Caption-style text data
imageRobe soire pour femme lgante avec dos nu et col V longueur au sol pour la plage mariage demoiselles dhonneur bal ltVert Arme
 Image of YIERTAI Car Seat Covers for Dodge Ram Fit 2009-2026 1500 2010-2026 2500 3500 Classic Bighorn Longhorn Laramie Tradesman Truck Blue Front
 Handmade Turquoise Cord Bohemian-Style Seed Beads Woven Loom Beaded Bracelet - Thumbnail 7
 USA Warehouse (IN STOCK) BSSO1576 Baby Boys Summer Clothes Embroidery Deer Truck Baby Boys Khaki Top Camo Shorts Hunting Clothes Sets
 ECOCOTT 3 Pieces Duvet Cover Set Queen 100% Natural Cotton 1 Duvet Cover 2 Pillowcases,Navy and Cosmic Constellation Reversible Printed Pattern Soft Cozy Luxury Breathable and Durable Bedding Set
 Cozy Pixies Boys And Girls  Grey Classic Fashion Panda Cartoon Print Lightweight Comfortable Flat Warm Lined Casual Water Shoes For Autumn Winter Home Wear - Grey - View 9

[TASK DETAILS]: Your reply should contain only the number of lines in the entries above with the word "Cozy".

[ANSWER AREA]: 2